Ma andiamo per gradi.
Oggi, per qualsiasi cosa, ci viene richiesto di inviare mail e pec, di inserire codici PIN e PUK, di leggere bar e QR code, di scansionare PDF,… Per i giovani e, ancor più, per i giovanissimi niente di più semplice!
Il problema inizia a farsi sentire già quando dai giovani si passa ai signori “attempatelli” e – peggio mi sento!!! – se parliamo degli anziani. Siamo generazioni che, ahinoi, non abbiamo ricevuto un’educazione tecnologica e, quindi, ci sta che siamo in difficoltà di fronte a queste tecnologie. Senza voler offendere nessuno, ma anche senza nasconderci dietro un dito: molti di noi sono analfabeti o semianalfabeti tecnologici.

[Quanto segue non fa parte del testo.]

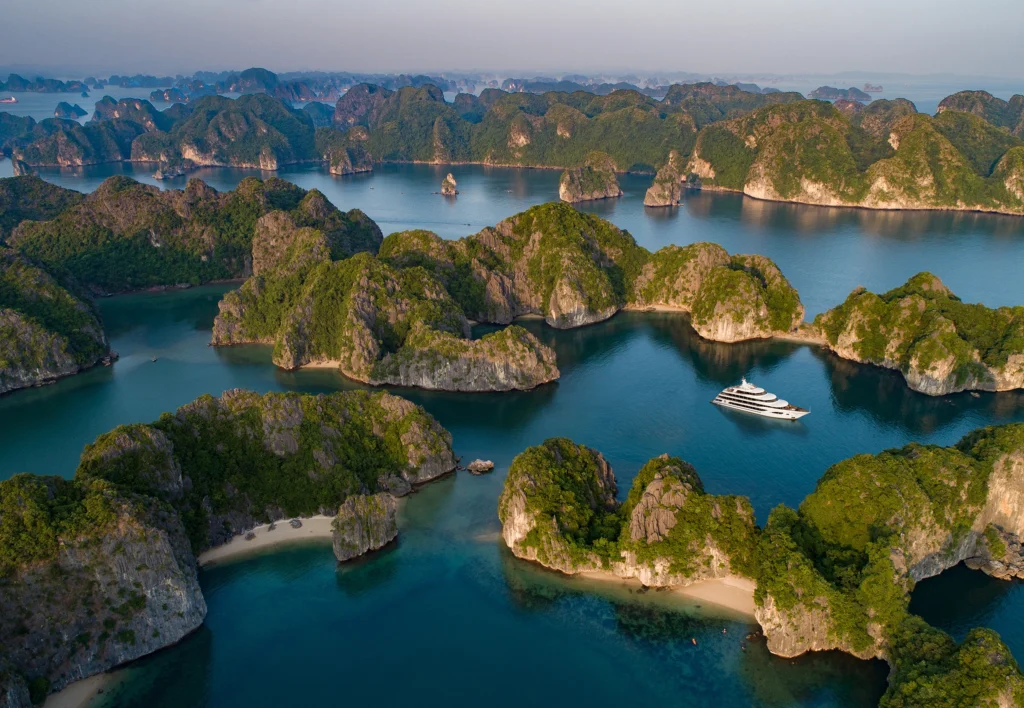 Cat Ba - Tour in Vietnam - Giro Asia Travel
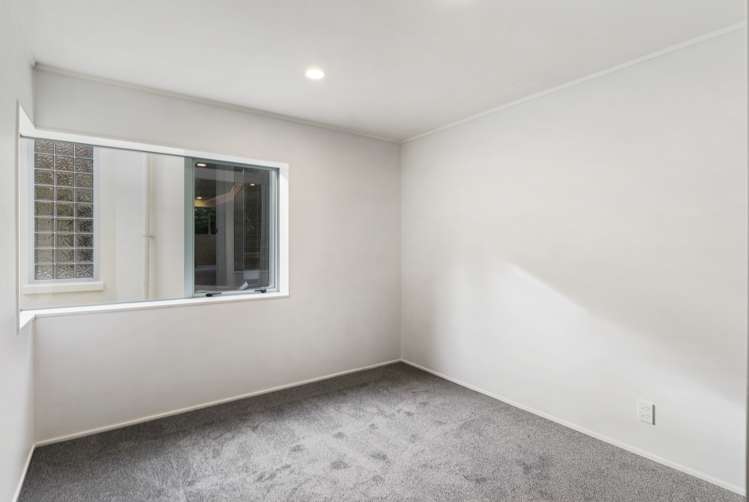 1 Halldene Terrace Red Beach_10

Sicuramente l’innovazione ha mille e più di mille vantaggi, ma quanti disagi provoca alle persone tecnologicamente analfabete? Gente che, per ricevere una fattura, deve possedere un indirizzo mail, che per visionarla deve possedere un pc, un tablet o uno smartphone, che per stamparla… vabbé, ci siamo capiti.
Io penso alla “Sora Lillina”, nonnina ottantenne che deve rifare la carta d’identità e che, sola, si reca in Municipio: l’impiegato le fa compilare moduli, le prende le impronte e le stampa un foglio con sopra “mezzo PIN” e “mezzo PUK” e le comunica che l’altra metà le arriverà per posta con il nuovo documento. Si raccomanda di non perdere il foglio e le spiega anche che dovrà attivare il PIN per fare gli accessi ai portali tramite CIE.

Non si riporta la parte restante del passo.